The sale of $126 million in City of Falls Church municipal bonds, the largest in the City’s history, to pay for construction of an all-new high school, renovation of the city library and stormwater improvement was consummated Tuesday at a remarkably low 2.71 percent interest rate. $111 million of the total was for 30-year bonds (for the high school) and $14 million for 20 years.
The low interest rate compares to the 4.5 percent rate that was put into the model for the new high school that voters overwhelmingly approved in November 2017. The differential between what citizens voted to support and what the actual cost of the debt has turned out to be is over $30 million, the City’s Chief Financial Officer Kiran Bawa told the News-Press Tuesday.. That is a savings to City taxpayers spread out over 30 years.
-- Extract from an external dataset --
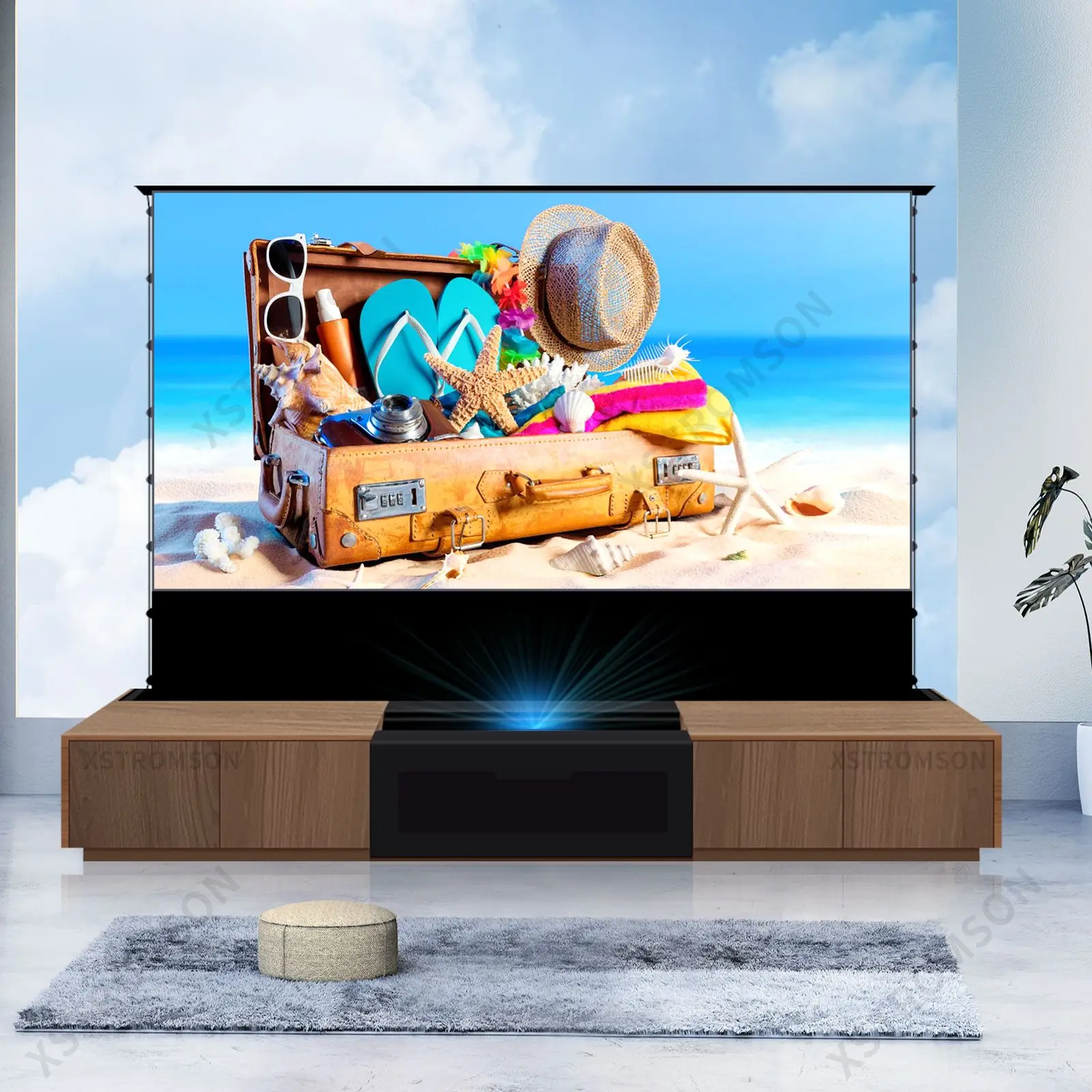 100 or 120 Inch CBSP Electric Floor Rising Projector Screen Integrated Cabinet Home Theater Ultra Short Throw Projector Screen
“This is a combination of good financial planning and good luck,” City Manager Wyatt Shields told the News-Press Tuesday. Had the City chosen to sell the bonds six months ago, when the parameters of the projects were complete, interest rates were still over 3 percent. “We chose to wait until the agreements for not only the new school construction but also for the 10-acre West End development project were finalized, and that turned out to be fortuitous.”
The final closing of the bond sale will come Nov. 7, but nothing but preparation of the paperwork will happen in the meantime. The buyer of the bonds is Morgan Stanley.
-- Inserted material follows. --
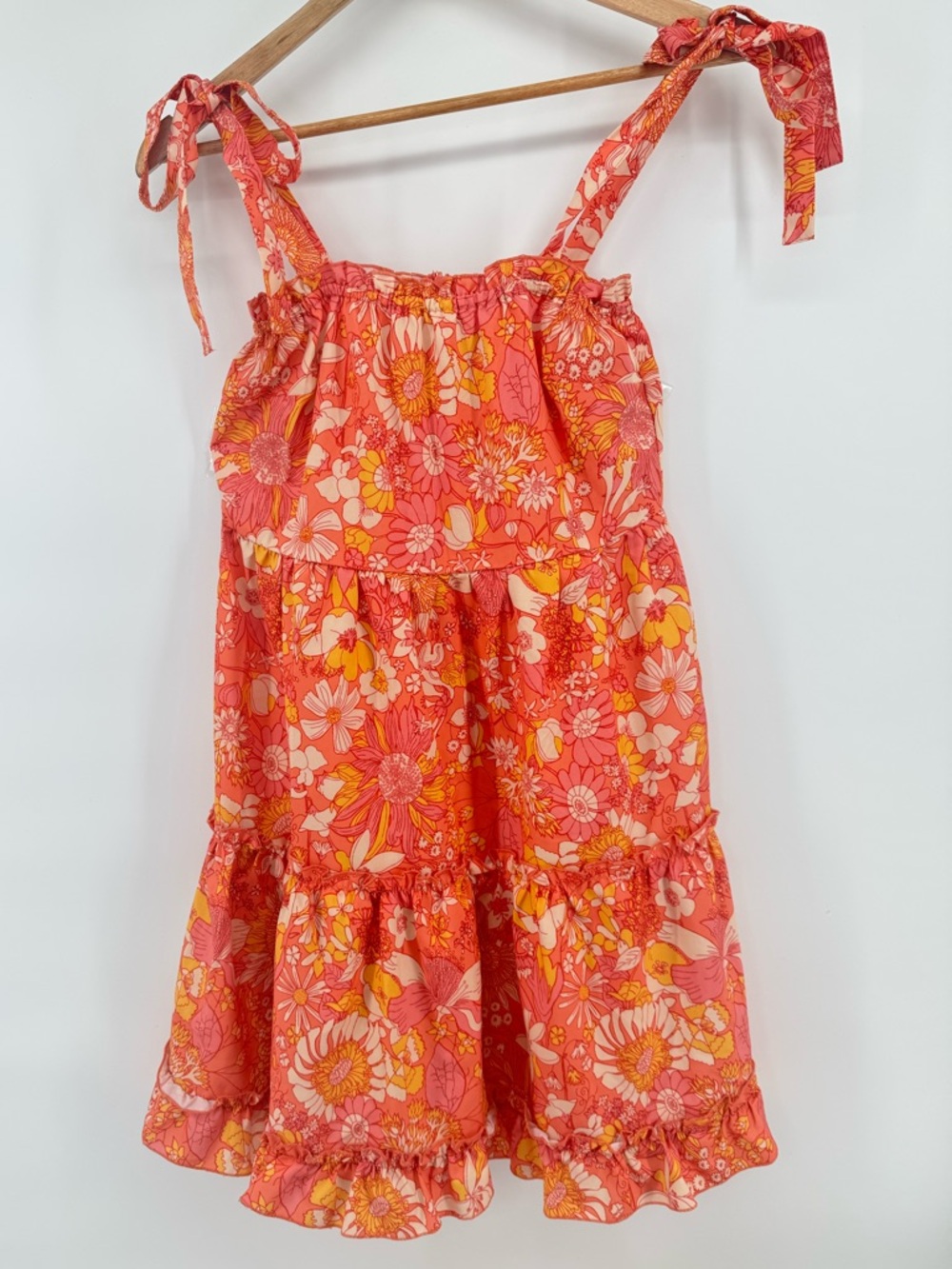 Boho Bright Floral Tie-Shoulder Sundress Coral Pink Women's Size Med Festival - Picture 2 of 6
The West End development continues apace, with the high school now well into its construction with a completion date of December 2020, and the City unveiling its wider West End small area development plan at a public meeting this Saturday at 9 a.m. at the Falls Church Episcopal Church fellowship hall. The preliminary unveiling of the 10-acre economic development project, which is slated to commence in January 2021 as soon as the new high school is completed and occupied allowing for the demolition of the old school, will come to the F.C. School Board, and City boards and the City Council on Nov. 11, with a town hall meeting to present the draft to the entire community on Nov. 13.